Backward Design in Creative Courses: Starting with the Outcome
-Cookie Redding, CPAD Faculty
What do you want your students to walk away with?
It is one of the simplest questions to ask, but also one of the hardest to answer when you’re designing a course that revolves around creativity, exploration, and process. In many art and design classrooms, course planning often begins with assignments or materials. A favorite project, a tool, a prompt that has worked well in the past. But inverting the process and starting with your intended outcome can help align your course more intentionally around growth, development, and student success. That approach is backward design.
What Is Backward Design?
Backward design is a planning model that begins with the end in mind. Rather than building a course around what you want to teach, you build around what you want students to learn and be able to do by the end of the course.
Developed by Grant Wiggins and Jay McTighe in Understanding by Design, the model follows three key steps:
- Identify desired results
- Determine acceptable evidence
- Plan learning experiences and instruction
This framework is, of course, not new to educators. However, it is often underused in creative classrooms where outcomes can be flexible or open-ended. The backward approach can actually give more room for experimentation while making expectations clearer and feedback more focused.
Why Backward Design Works for Creative Disciplines
In visual art, design, dance, theatre, and architecture, learning is often nonlinear. Students cycle through idea development, material exploration, draft, critique/feedback, revision/iteration, and presentation. What makes backward design helpful is that it supports this natural rhythm.

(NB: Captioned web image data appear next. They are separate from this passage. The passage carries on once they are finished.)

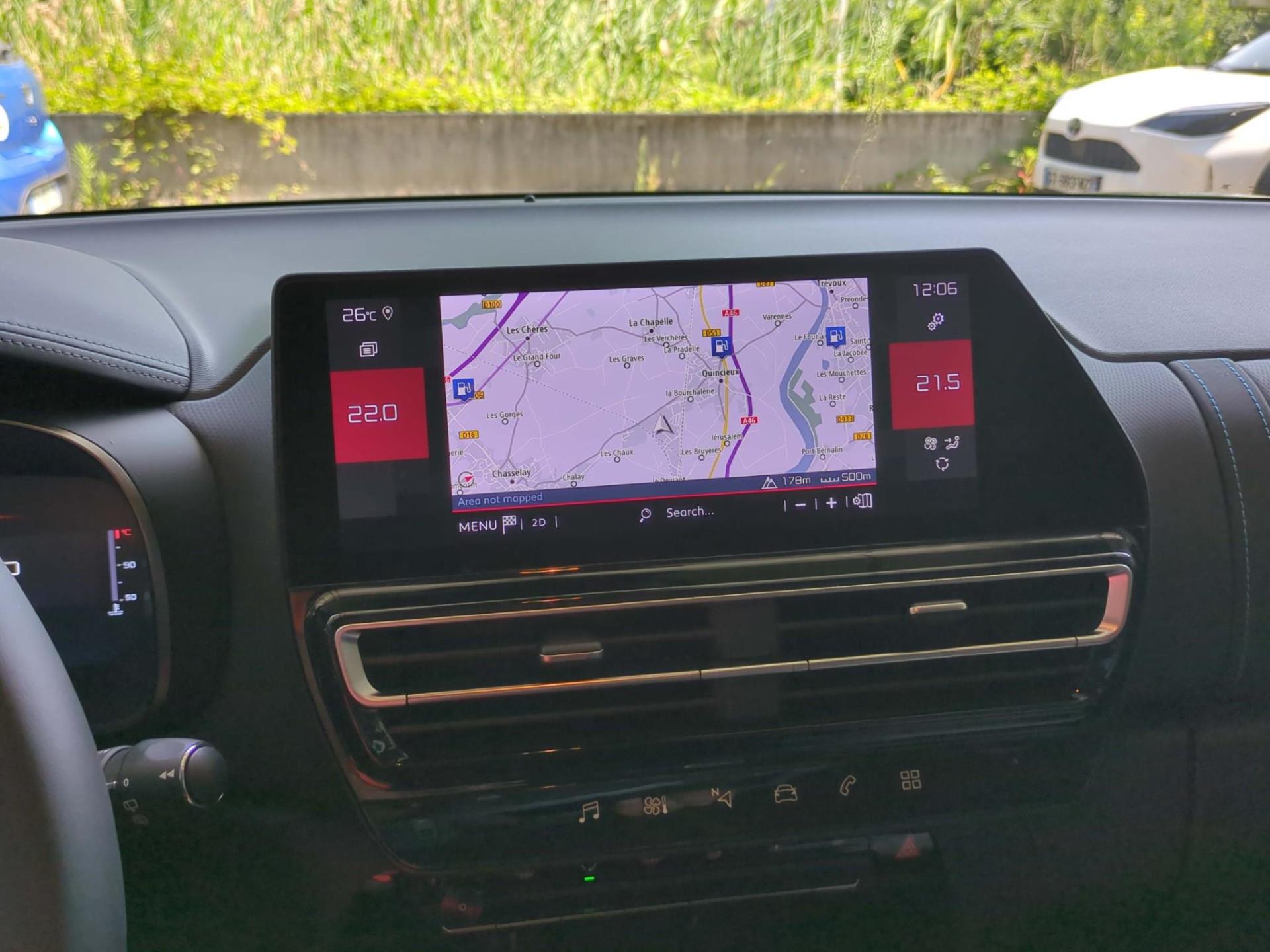 Citroen C5 Aircross BlueHDi 130 EAT8 Max 2025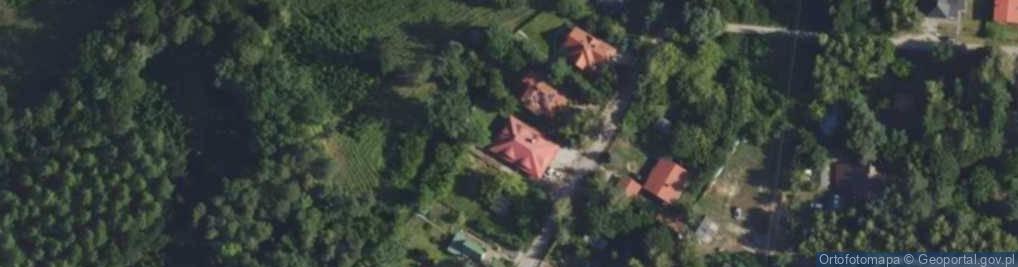 Zdjęcie satelitarne Alpejska ul.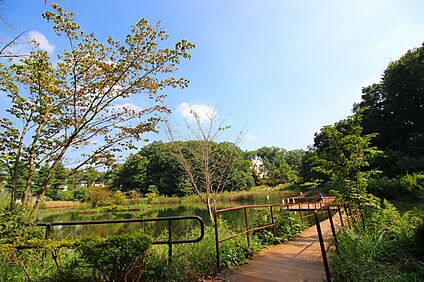 もえぎ野公園 550m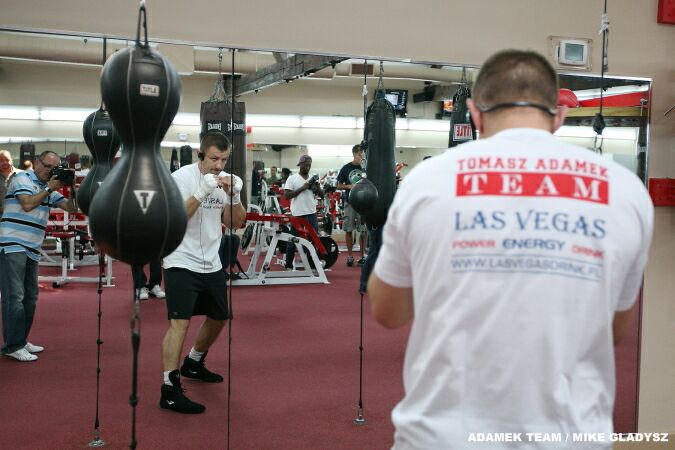 Walker poczuje sile moich piesci na wlasnej skorze video kat 15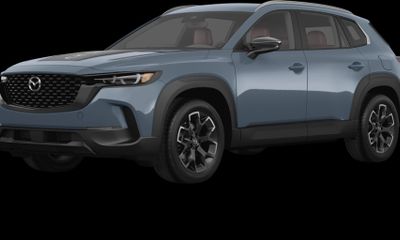 2026 Mazda CX-50 Meridian Edition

It centers the process as an outcome.
If your goal is to help students develop an iterative practice, this approach lets you emphasize revision and reflection, not just the final product.

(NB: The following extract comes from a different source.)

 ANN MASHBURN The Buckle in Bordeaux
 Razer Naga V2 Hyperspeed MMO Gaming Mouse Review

It helps clarify abstract goals.
Creative learning outcomes like developing a personal voice or engaging in conceptual thinking are easier to support when you identify how those goals will appear in student work.
It supports transparency.
When students understand what they are working toward and why it matters, they are more likely to take risks, ask meaningful questions, and reflect on their progress.

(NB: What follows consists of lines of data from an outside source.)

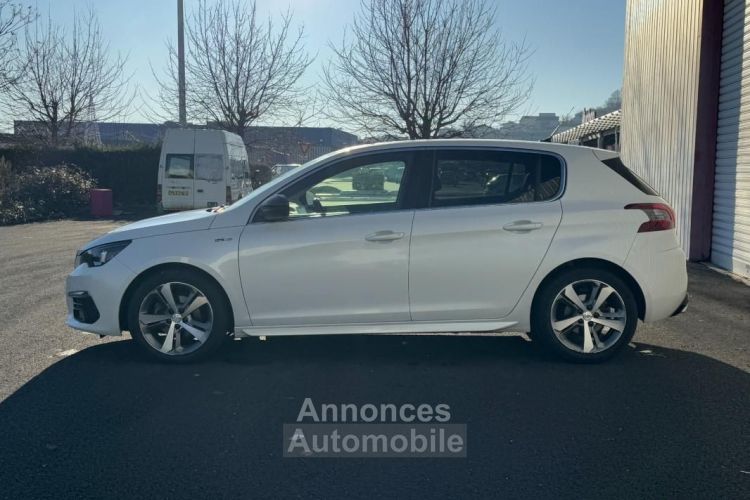 Peugeot 308 1.5 BLUEHDI 130CH GT LINE START-STOP - <small></small> 14.980 € <small>TTC</small> - #5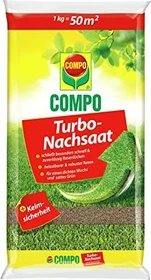 Compo Turbo-Nachsaat Saatgut, 1kg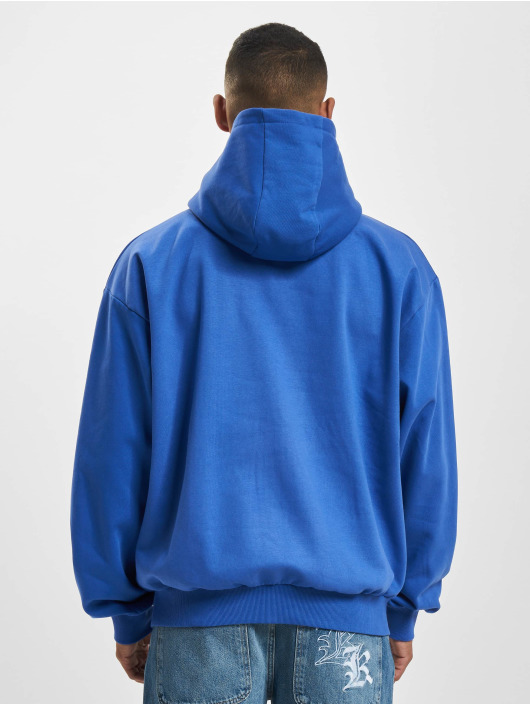 Karl Kani Sudadera Chest Signature OS azul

Step-by-Step: Backward Design for Your Creative Course
1. Start With the Big Picture
Ask yourself: What do I want students to be able to do, think, or create by the end of this course?
These goals can be broad or specific. What matters is that they reflect deep learning and the kind of creative growth you want to see.
Examples might include:
- Use concept development methods to initiate original work
- Reflect critically on personal process and growth
- Apply design principles intentionally in both print and digital formats
- Create a cohesive body of work for critique or performance
2. Define Evidence of Learning
Once you know your outcomes, decide how students will demonstrate them. Evidence does not have to mean a test or traditional assessment. In creative fields, evidence can include process journals, sketches, performances, prototypes, or finished portfolios.
Ask yourself: What will show me that students have achieved this outcome? How can they recognize their own progress?
Examples might include:
- A portfolio with reflections that describe conceptual growth
- A performance that incorporates feedback from earlier rehearsals
- A case study of an iterative design process
- A presentation analyzing artistic or design influences
3. Plan the Learning Experiences
Now that the goal and evidence are clear, map out the activities, prompts, and lessons that will help students get there.
Ask yourself: What skills, habits, or knowledge will students need to develop this outcome?
This step is not about locking in a rigid path. It is about setting up a structure that supports exploration and creativity within meaningful boundaries.
Backward Design Does Not Mean Linear Work
Some instructors worry that backward design feels too rigid or outcome-focused. But in a creative classroom, outcomes do not have to be singular or fixed. Backward design gives structure, not limits. You can think of it as a compass, not a map.
Some of the most flexible and generative courses use backward design to define what success might look like in different forms. Students still have creative freedom, but they understand the direction and purpose of their work.
Sample in Practice: A Graphic Design Course
Outcome: Students will be able to create a multi-page layout using a grid system that communicates clear visual hierarchy.
Evidence: A final two-page magazine spread with headline, subhead, imagery, and body text. This will be paired with a short written reflection explaining layout choices.
Scaffolded Activities:
Week 2: Introduction to grid systems through a cut-and-paste zine activity
Week 4: Peer critique of draft layouts using a shared feedback guide
Week 6: Workshop focused on typography hierarchy and visual alignment
Week 7: Final layout due along with process documentation
This sequence supports the learning outcome while still allowing students to bring their own concepts, themes, and visual voice into the project.
Final Thoughts
Starting with the outcome does not mean dictating the end result. It means making space for students to understand what they are learning and why it matters. It helps them reflect, assess their own work, and build habits they will use beyond your course.
In creative learning, where ambiguity and discovery are part of the process, backward design helps keep that openness rooted in purpose. It is not about removing flexibility. It is about designing with intention.